However, I later realized the number of conjectures you can write down is also countable.

What am I missing?

-
Nope. There are countably many statements in mathematics, and countably many proofs. Goedel's result has nothing to do with countability. –  Thomas Andrews Aug 9 '12 at 16:32
What Goedel found was a way to encode a statement about number theory proofs in number theory that essentially says, "This statement has no proof in this axiom system." –  Thomas Andrews Aug 9 '12 at 16:35
What are you missing? Perhaps a reading of Godel's paper. Or a good modern treatment. The "popular" discussion is not going to give you understanding of this. For example, Godel's paper does not mention ZF. –  GEdgar Aug 9 '12 at 17:21

There is nothing about countability or uncountability in Gödel's proof.

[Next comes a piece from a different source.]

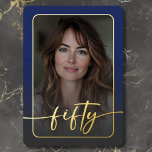 Invitación Con Relieve Metalizado Moderna foto azul minimal 50º cumpleaños<br><div class="desc">Celebre con un estilo tranquilo y elegante con esta invitación de fiesta de 50 años, sencilla y moderna, diseñada con un estilo que se trata de usted. Con tu foto favorita en forma de rectángulo redondeado bajo un overlay ligeramente oscuro y con un borde de Relieve metalizado real. Un Relieve...</div>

All the sets of statements and proofs are assumed to be countable.

There is a logical relationship between what Gödel did and how Cantor showed some sets were "uncountable" - they are both what we call "diagonal arguments." Diagonal arguments crop up in lots of logic, especially when we are talking about the limits of what we can do with formal systems.

The grandfather of the diagonal argument is Russell's paradox. It essentially forces us to realize that we cannot talk about "the collection of everything" in a naive way and not get a paradox. It has a strong relation to the statement, "This statement is false," which clearly cannot be assigned a truth value.

Gödel was able to show that if a (finitely describable) system of axioms was complicated enough to contain arithmetic, then it was complicated enough to talk about proofs in itself, and, in particular, to write a statement that says, "This statement has no proof in the X axiom system." If this statement had a proof, then we'd be able to disprove it, as well. If the statement has no proof, then it is true.

One way to think of it is in terms of something called "computability." The set of provable statements in an axiom system is "recursively enumerable." But if all theorems are decidable by proofs, then the set of provable statements and the set of disprovable statements comprise all statements, and, if the theory is consistent, they are disjoint. A recursively enumerable set whose complement is also r.e. is necessarily "recursive." Gödel essentially proved that this cannot be.

(Note that in computability theory, the distinction between "recursive" and "not recursive" is much like the set theory distinction between "countable" and "uncountable.")

-
You describe Russell's paradox as the "grandfather" of the diagonal argument, but it seems to me that this designation should go to Cantor. After all, Cantor published his diagonal argument in 1891, and Russell's paradox came in 1901, surely with knowledge of Cantor's method. –  JDH Aug 10 '12 at 2:02

Gödels theorem is about arithmetic, and systems like ZF that extend it, but mostly about arithmetic.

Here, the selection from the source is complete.